Abstract: TH-PO611
A Case of Lesch-Nyhan Syndrome in an Adult Presenting with AKI
Session Information
- Fellows/Residents Case Reports: Genetic Diseases, Pregnancy, Monoclonal Gammopathy
November 02, 2017 | Location: Hall H, Morial Convention Center
Abstract Time: 10:00 AM - 10:00 AM
Category: Nephrology Education
- 1302 Fellows and Residents Case Reports
Author
- Cho, A young, Presbyterian Medical Center, Jeonju, Korea (the Republic of)
Background
Lesch-Nyhan syndrome (LNS) is a rare X-linked disorder caused by a deficiency of the enzyme hypoxanthine-guanine phosphoribosyl transferase (HPRT) and underlying HPRT gene mutations.

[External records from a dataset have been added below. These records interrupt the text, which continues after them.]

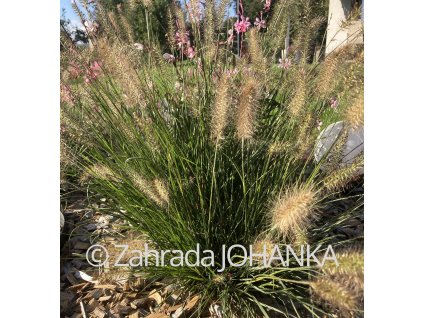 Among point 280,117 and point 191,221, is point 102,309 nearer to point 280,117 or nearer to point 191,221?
point 191,221

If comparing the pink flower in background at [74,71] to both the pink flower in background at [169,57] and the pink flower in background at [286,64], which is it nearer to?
the pink flower in background at [169,57]

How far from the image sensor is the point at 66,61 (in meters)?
1.30

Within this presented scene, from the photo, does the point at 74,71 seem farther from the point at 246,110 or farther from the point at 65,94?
the point at 246,110

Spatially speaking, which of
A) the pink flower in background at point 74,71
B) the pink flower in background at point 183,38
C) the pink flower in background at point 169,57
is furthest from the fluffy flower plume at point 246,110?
the pink flower in background at point 74,71

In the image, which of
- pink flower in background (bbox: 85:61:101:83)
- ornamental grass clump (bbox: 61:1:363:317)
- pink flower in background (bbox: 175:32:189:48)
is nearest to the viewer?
ornamental grass clump (bbox: 61:1:363:317)

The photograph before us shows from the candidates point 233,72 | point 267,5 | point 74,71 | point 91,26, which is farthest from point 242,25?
Answer: point 74,71

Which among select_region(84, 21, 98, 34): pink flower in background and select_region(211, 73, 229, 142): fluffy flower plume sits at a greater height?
select_region(84, 21, 98, 34): pink flower in background

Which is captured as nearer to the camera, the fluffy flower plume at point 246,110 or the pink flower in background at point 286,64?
the fluffy flower plume at point 246,110

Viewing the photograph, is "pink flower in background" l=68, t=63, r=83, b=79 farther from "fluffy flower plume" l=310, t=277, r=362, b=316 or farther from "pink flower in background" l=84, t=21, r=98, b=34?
"fluffy flower plume" l=310, t=277, r=362, b=316

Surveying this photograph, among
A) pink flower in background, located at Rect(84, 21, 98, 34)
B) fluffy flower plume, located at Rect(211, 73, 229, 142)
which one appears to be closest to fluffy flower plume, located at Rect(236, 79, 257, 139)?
fluffy flower plume, located at Rect(211, 73, 229, 142)

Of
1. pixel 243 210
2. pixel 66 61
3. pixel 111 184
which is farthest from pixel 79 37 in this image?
pixel 243 210

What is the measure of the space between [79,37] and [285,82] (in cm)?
71

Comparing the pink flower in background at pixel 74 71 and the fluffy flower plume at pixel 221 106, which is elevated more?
the pink flower in background at pixel 74 71

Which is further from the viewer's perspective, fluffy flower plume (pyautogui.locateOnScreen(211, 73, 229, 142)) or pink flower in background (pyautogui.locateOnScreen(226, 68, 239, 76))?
pink flower in background (pyautogui.locateOnScreen(226, 68, 239, 76))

When the enzyme HPRT is nonfunctional, substrates accumulate and are converted to uric acid by the action of xanthine-oxidase. LNS diagnosis is based on clinical symptoms and hyperuricemia, together with neurological evaluation of mental function, molecular testing for pathogenic mutations, and enzymatic analysis for HPRT function.
Methods
We report a case of LNS in a 26-year-old man, who presented with acute kidney injury and excessive hyperuricemia. He had a 7-year history of gout. He had tophectomy for gouty arthritis on left ankle 3 months ago and was taking aceclofenac (NSAID) from then on. He had a 3-year history of dystonia. Mutation analysis and enzyme assay revealed a mutation of exon 3 of the HPRT gene (c.295T>G (p.Phe99Val)) and total deficient HPRT confirming the diagnosis of LNS. His renal function and serum uric acid level improved after hydration and allopurinol treatment.
Conclusion
The diagnosis of LNS in adults is extremely rare. We report a case of LNS in a 26-year old man, who presented with acute kidney injury and excessive hyperuricemia, with molecular diagnosis.